A lot or a little?
The parents' guide to what's in this movie.
What parents need to know
- Parents say
- Kids say
What's the story?
Orphaned and threatened by her guardian to be sent away for hanging with 401, a crew that attacks subway trains with hip-hop dance pranks, Andie (the charismatic Briana Evigan) gets a reprieve when she's admitted to the esteemed Maryland School of the Arts in Baltimore. But juggling the demands of street dancing and classes proves far too difficult, and she gets kicked out of 401. It's the only family she knows, and she loves the thrill of street dancing.
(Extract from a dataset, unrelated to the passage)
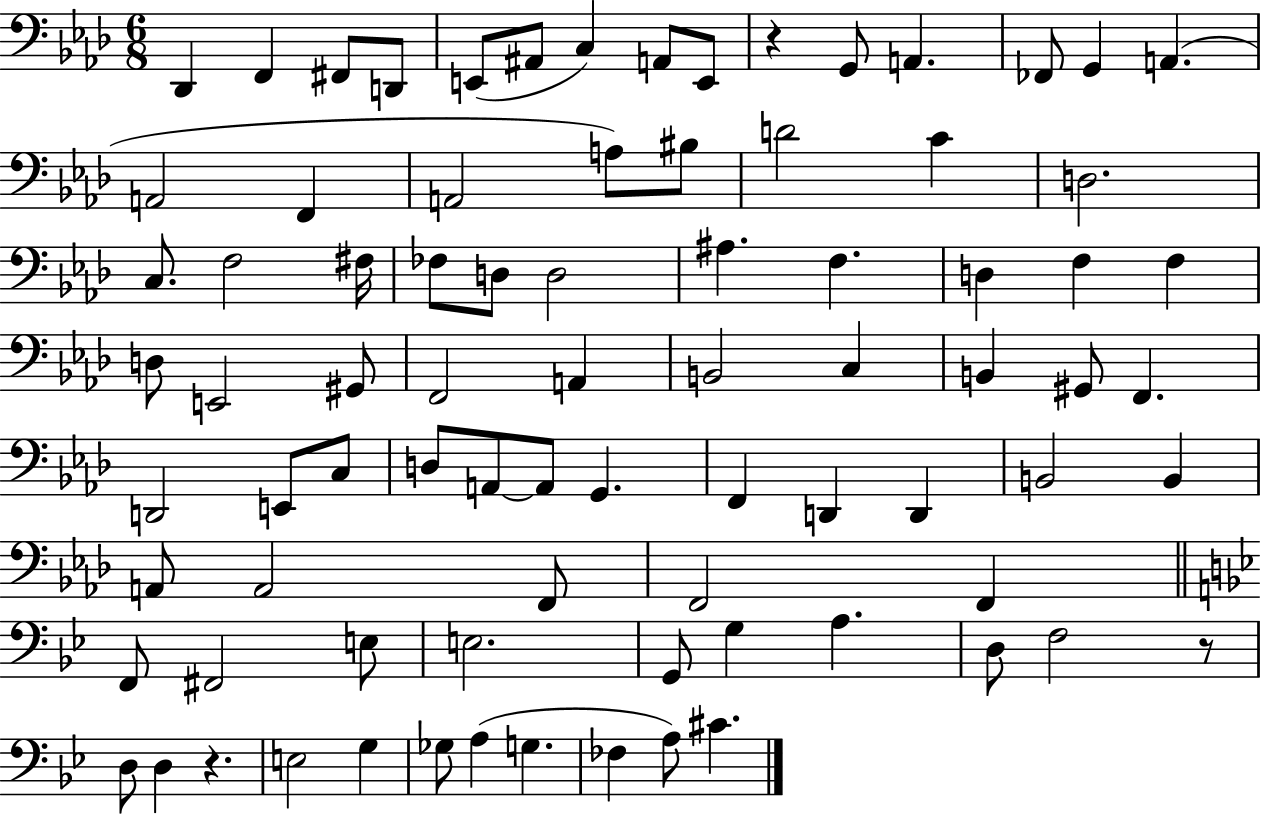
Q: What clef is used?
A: bass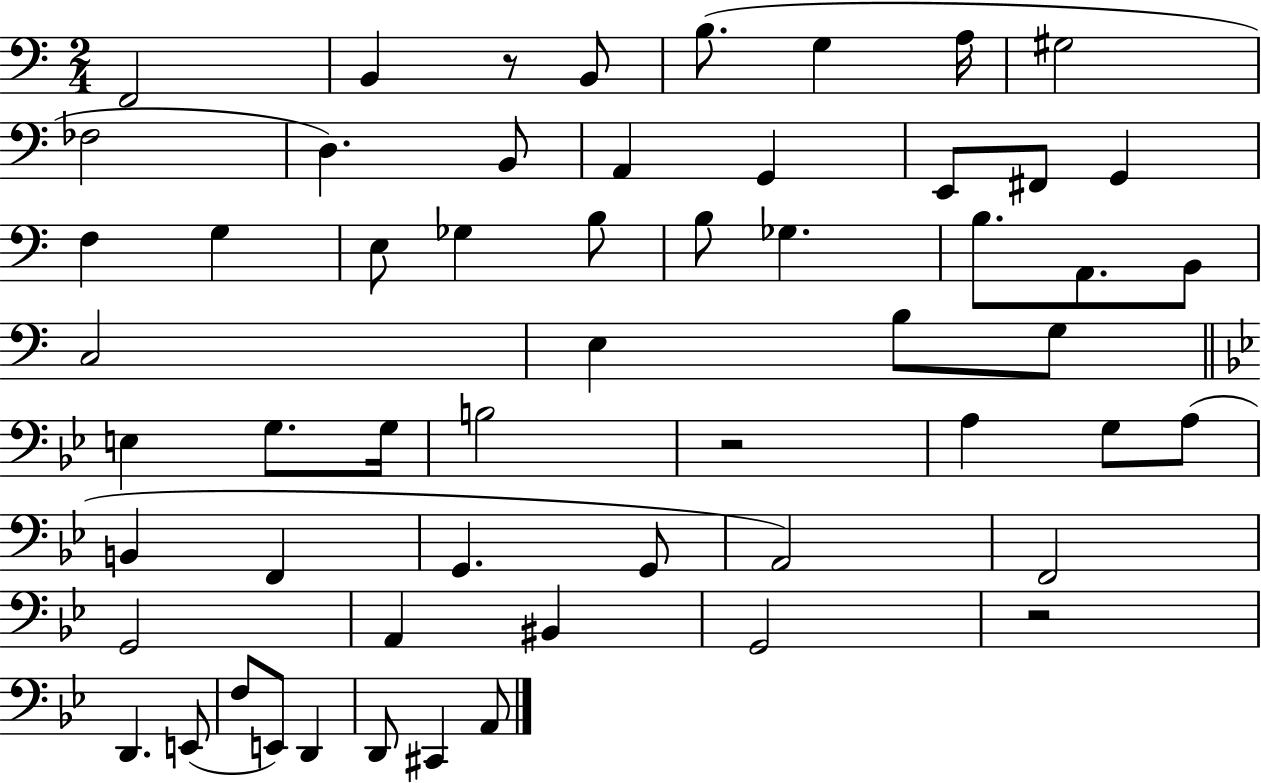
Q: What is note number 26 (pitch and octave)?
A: C3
So Andie, convinced by phenomenal dancer and classmate, Chase (Robert Hoffman), forms her own crew comprised of the school's misfits. They may be outsiders at MSA, but on the dance floor, they have mad skills. And the group's determined to battle it out with Andie's old gang for supremacy on the streets.
Is it any good?
The paint-by-numbers plot won't win any awards, but STEP UP 2 THE STREETS delivers electrifying dance performances set to an infectious soundtrack. (T-Pain's groove-inducing "Low" is pitch-perfect.) And it's hard to argue with the feel-good conclusion that favors the message of unity over a more typical, schmaltzy love-story ending. Plus, the cast is fantastic, especially Adam Sevani as Moose, Andie's newfound friend at MSA. Also look for heartthrob Channing Tatum from the original Step Up, who gives a small but impressive show at a club.
Director Jon M. Chu wisely lets the dancing speak for itself -- the acting and the story aren't bad, but are hardly memorable -- by giving the dancers room to impress; There's no heavy-handed editing here, no quick-cut overload. The result: Entertainment that's light on depth but heavy on fun -- and full of mesmerizing dance.
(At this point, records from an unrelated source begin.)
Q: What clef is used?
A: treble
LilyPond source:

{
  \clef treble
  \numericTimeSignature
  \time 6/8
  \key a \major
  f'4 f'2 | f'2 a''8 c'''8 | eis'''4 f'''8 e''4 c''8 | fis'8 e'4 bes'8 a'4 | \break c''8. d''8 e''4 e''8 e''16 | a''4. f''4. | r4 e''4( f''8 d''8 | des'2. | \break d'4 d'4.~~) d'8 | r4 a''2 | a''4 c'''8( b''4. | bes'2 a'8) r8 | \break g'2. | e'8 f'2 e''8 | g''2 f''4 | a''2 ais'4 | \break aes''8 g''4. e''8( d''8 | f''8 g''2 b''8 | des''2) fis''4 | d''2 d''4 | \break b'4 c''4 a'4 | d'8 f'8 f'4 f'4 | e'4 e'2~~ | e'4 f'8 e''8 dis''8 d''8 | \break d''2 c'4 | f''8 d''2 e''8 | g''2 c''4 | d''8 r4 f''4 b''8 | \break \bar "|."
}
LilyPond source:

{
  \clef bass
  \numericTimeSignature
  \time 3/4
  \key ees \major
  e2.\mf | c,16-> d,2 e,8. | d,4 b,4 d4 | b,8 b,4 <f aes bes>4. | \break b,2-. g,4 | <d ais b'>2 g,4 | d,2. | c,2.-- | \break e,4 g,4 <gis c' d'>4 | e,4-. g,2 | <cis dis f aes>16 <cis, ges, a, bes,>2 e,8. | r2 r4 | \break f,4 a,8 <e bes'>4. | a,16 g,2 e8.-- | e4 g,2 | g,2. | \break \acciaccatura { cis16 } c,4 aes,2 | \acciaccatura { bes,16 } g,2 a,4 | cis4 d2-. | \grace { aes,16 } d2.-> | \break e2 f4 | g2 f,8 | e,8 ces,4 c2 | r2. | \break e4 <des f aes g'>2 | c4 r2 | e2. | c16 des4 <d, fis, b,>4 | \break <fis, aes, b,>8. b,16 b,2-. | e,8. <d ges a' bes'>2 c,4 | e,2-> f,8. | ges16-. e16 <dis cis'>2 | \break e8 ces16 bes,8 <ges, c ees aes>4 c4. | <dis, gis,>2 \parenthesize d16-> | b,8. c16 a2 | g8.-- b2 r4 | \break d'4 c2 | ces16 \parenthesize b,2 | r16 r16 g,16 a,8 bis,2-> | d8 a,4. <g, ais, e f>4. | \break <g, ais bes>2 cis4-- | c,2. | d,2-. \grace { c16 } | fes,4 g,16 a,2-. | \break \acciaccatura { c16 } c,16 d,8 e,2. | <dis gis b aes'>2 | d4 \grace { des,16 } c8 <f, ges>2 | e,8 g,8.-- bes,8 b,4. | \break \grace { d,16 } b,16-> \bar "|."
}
Talk to your kids about ...
Families can talk about why dance is so important to Andie, who appears to have had a difficult childhood (though we don't get many details about it). How does it allow her to grow and learn? What sense of satisfaction does she get out of competing in the streets?
Why do you think dance movies are so popular?
- In theaters: February 14, 2008
- On DVD or streaming: July 14, 2008
- Cast: Adam Sevani, Briana Evigan, Robert Hoffman
- Director: Jon M. Chu
- Studio: Touchstone Pictures
- Genre: Musical
- Run time: 98 minutes
- MPAA rating: PG-13
- MPAA explanation: language, some suggestive material and brief violence.